Module: SmarterJSON

Defined in:
lib/smarter_json/backports.rb,
lib/smarter_json.rb,
lib/smarter_json/errors.rb,
lib/smarter_json/parser.rb,
lib/smarter_json/options.rb,
lib/smarter_json/version.rb,
lib/smarter_json/warning.rb,
lib/smarter_json/generator.rb,
ext/smarter_json/smarter_json.c

Overview

Refinement backport of Array#filter_map for Ruby < 2.7 (the gem supports >= 2.6.0).

filter_map shipped in Ruby 2.7. Rather than monkey-patching core Enumerable globally, this is a refinement scoped to the single file that needs it: parser.rb does ‘using SmarterJSON::Backports` (guarded to Ruby < 2.7). On 2.7+ the refinement is never activated, so the native © filter_map is used and this is a complete no-op.

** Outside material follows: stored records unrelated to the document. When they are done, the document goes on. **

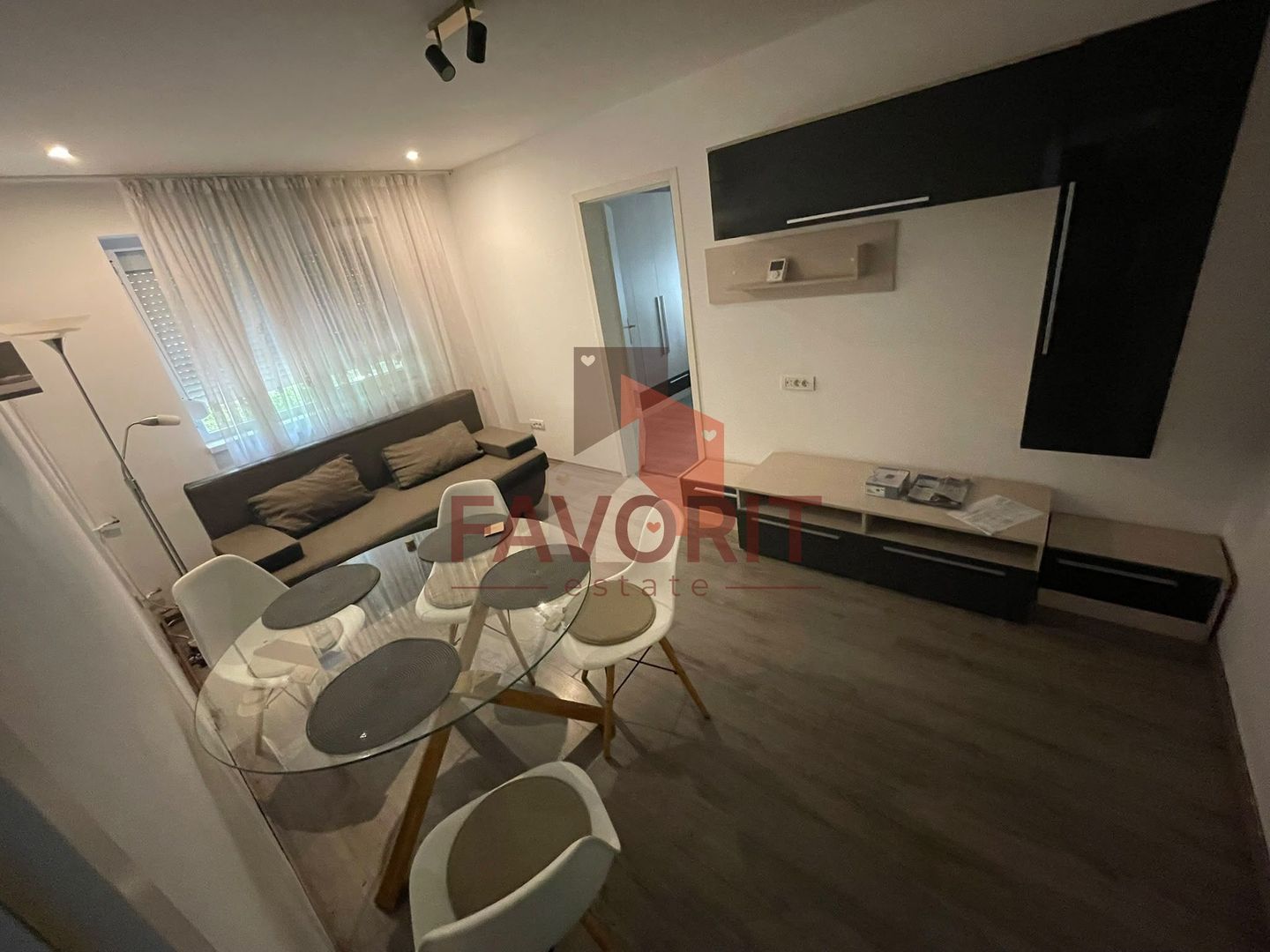 2 camere | zona centrala | mobilat | loc de parcare | centrala proprie - Poză 1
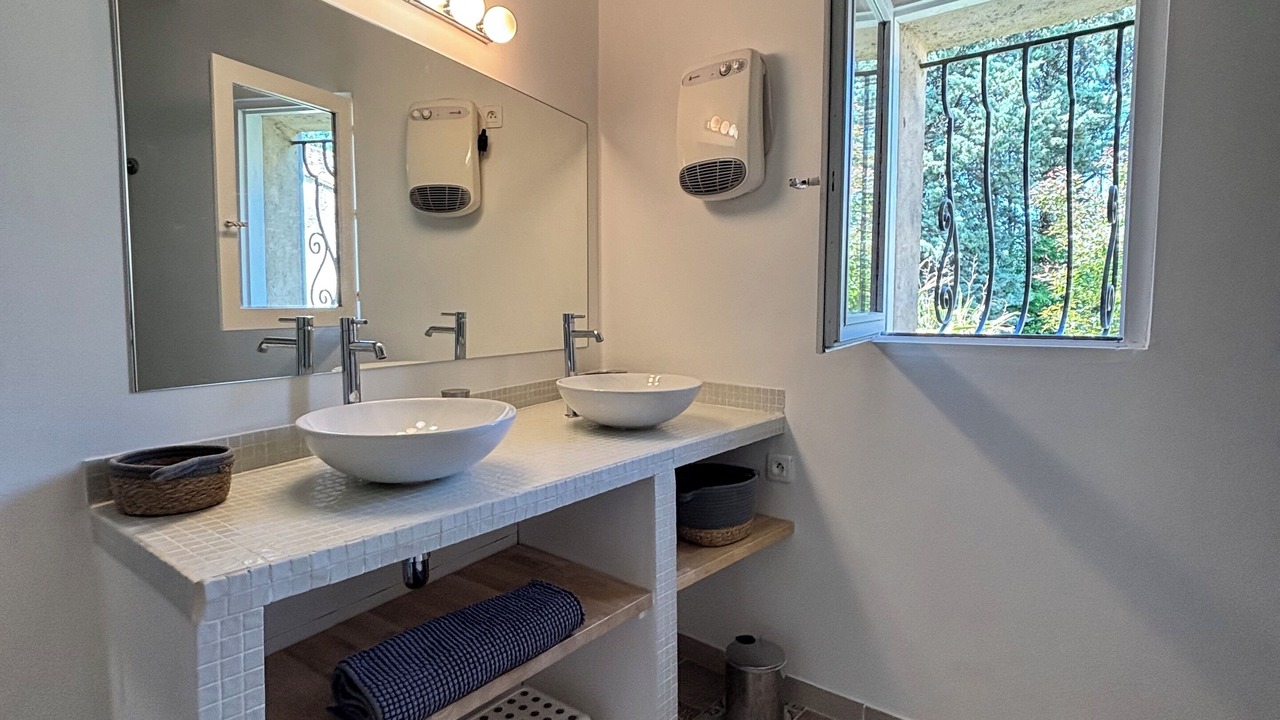 Photo of Bathroom in Le Thor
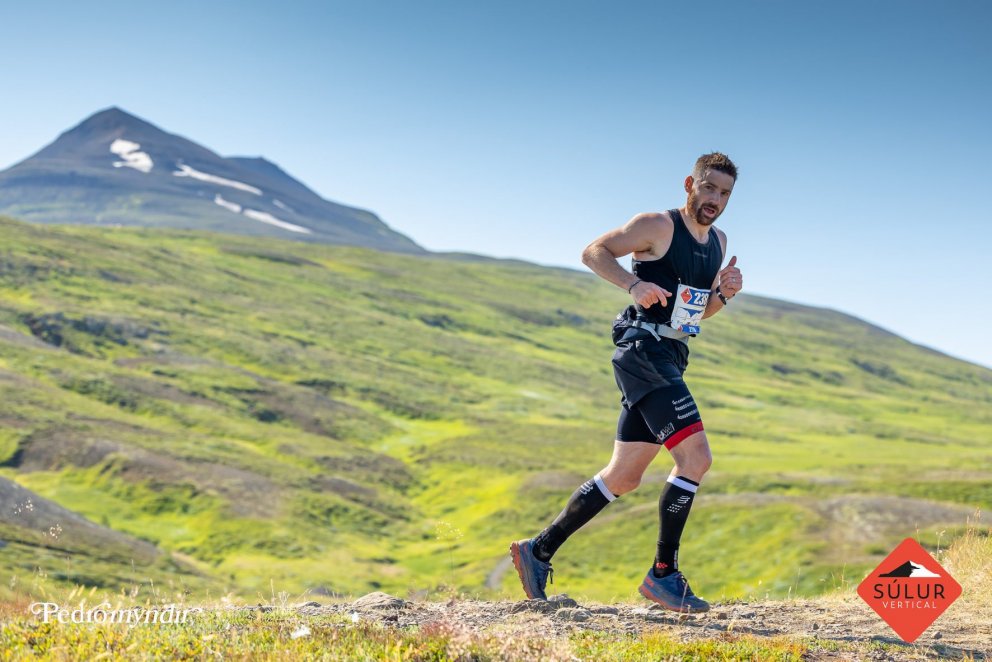 Photo: Súlur Vertical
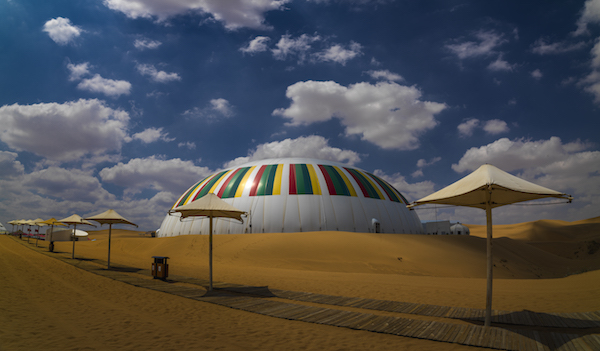 响沙湾,沙漠,度假地,景区,旅游,图片,照片,摄影,内蒙古响沙湾,内蒙古旅游,鄂尔多斯市旅游,莲花酒店,莲花度假酒店,莲沙度假岛,福沙度假岛,悦沙休闲岛,仙沙休闲岛,一粒沙度假村,在线预订,预定,旅行社,AAAAA,5A级旅游景区,库布齐,库布其沙漠,库布其旅游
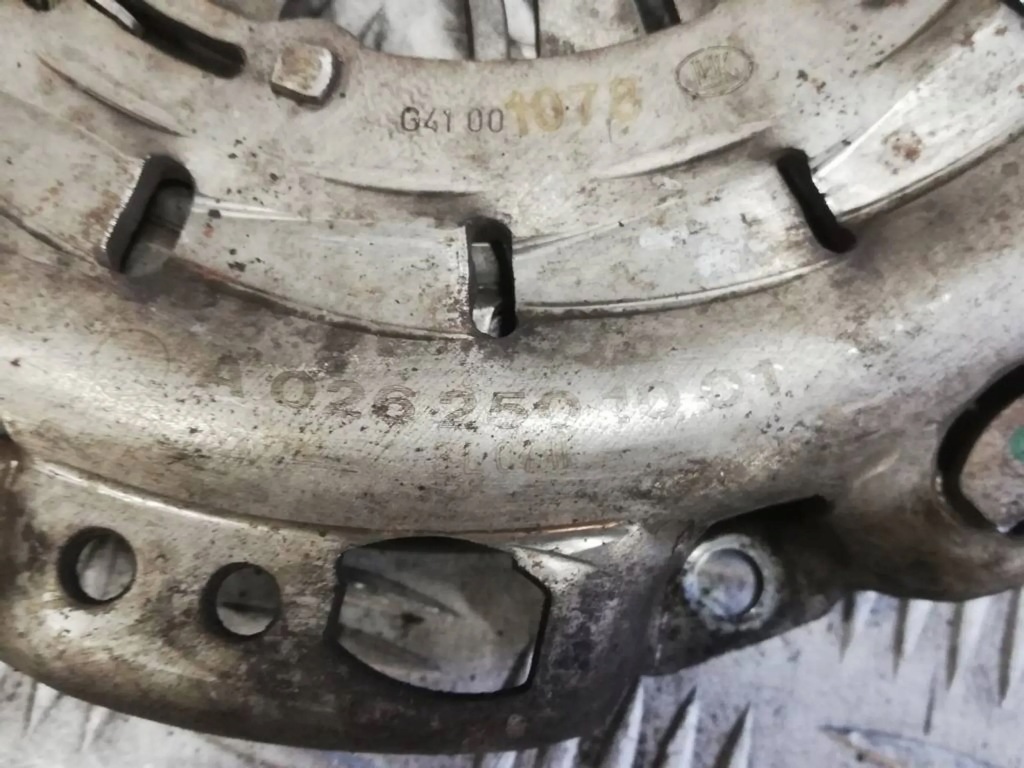 фото №8, Зчеплення колесо двомасовий mercedes b klasa w246 1.5 dci a0262501001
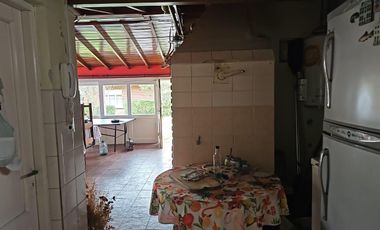 HERMOSA CASA EN PINOS DE ANCHORENA! INCREIBLE PARQUE CON PISCINA!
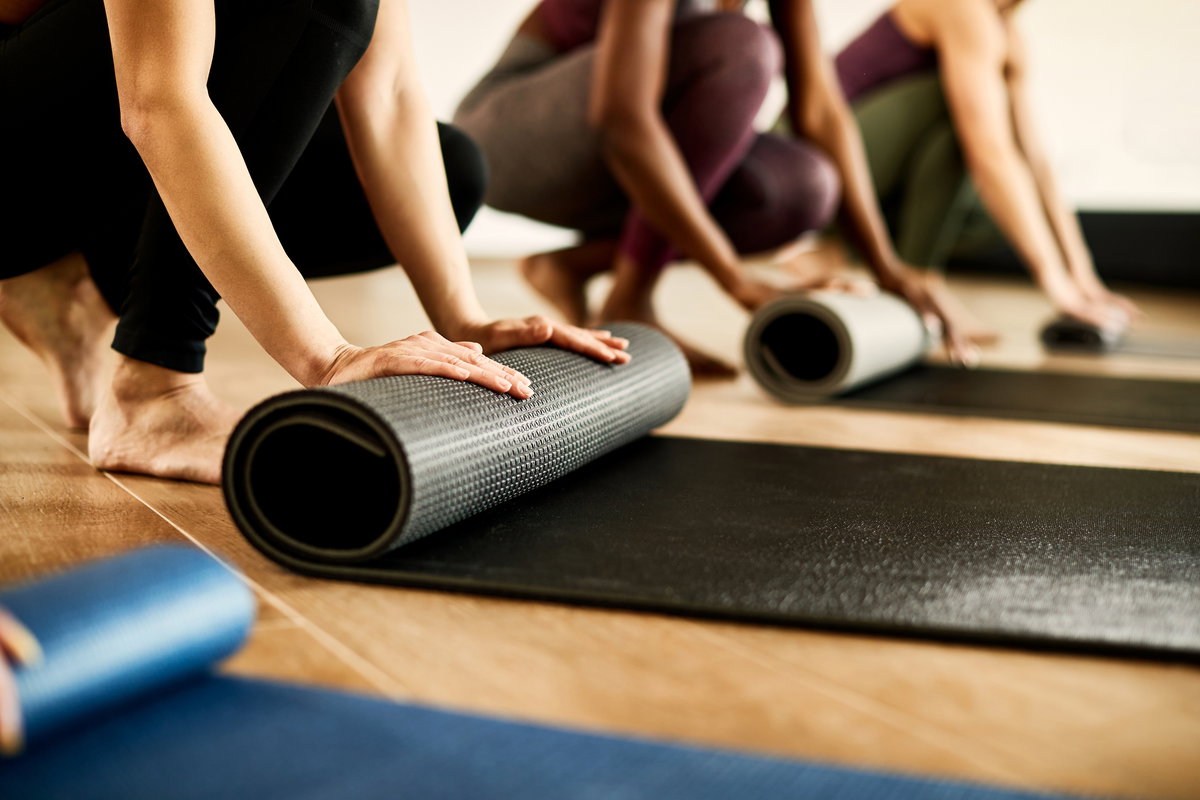 Yoga-Matten auf Boden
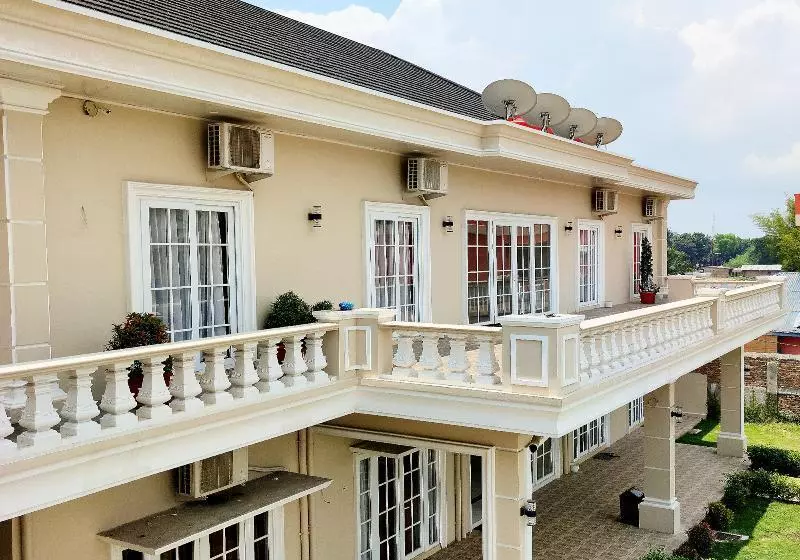 Hotelli Green Forest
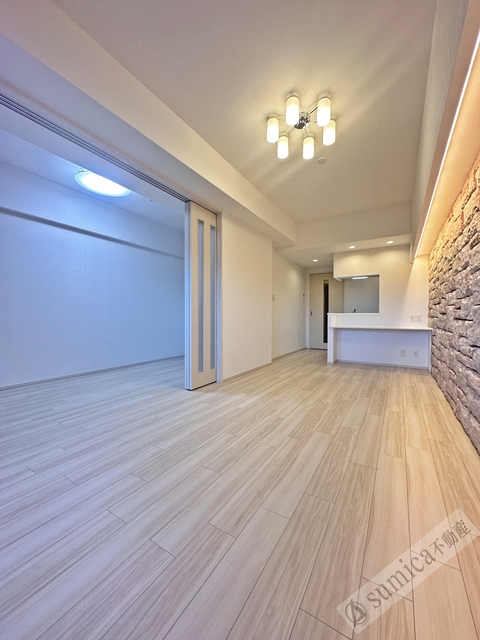 居室・リビング　ホワイトベースで明るい内装♪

DELETE this file, its require in lib/smarter_json.rb, and the ‘using` line in parser.rb once the minimum supported Ruby is >= 2.7.

Defined Under Namespace

Modules: Backports, Bytes, Framer, Options, Recovery Classes: EncodingError, Error, GenerateError, Generator, ParseError, Parser, Warning

Constant Summary collapse

HAS_ACCELERATION =
respond_to?(:parse_c)
VERSION =
"1.1.0"

Class Method Summary collapse

Class Method Details

.foreach(source, options = {}, &block) ⇒ Object

SmarterJSON.foreach(source, options = {}) — the streaming, composable sibling of process_file, mirroring the stdlib convention (CSV.foreach / File.foreach): a plain Enumerator (NOT Enumerator::Lazy), so .map / .select behave the normal way and return an Array.

‘source` is a file path (opened and streamed from disk, like process_file) OR an IO — a socket, a StringIO, an open File — streamed directly from its current position. A String is always a path, never content. An IO source is single-pass: it can only be read once, so iterating the returned Enumerator a second time over the same IO yields nothing.

Without a block: returns an Enumerator over each top-level document, reading one document at a time via readpartial — it never slurps the whole file the way process_file(path) does. So foreach(path).first(3) reads only ~3 documents off disk, and foreach(src).each { … } / .next stream in bounded memory. .map / .select read the source one document at a time but still build an Array of their result; for a chain that stays bounded end to end (a large filtered set off a fat file) opt into .lazy at the call site: foreach(src).lazy.select { … }.each { … }.

With a block: streams each document and returns the document count — identical to process_file(path) { |doc| … } (or process(io) { |doc| … } for an IO).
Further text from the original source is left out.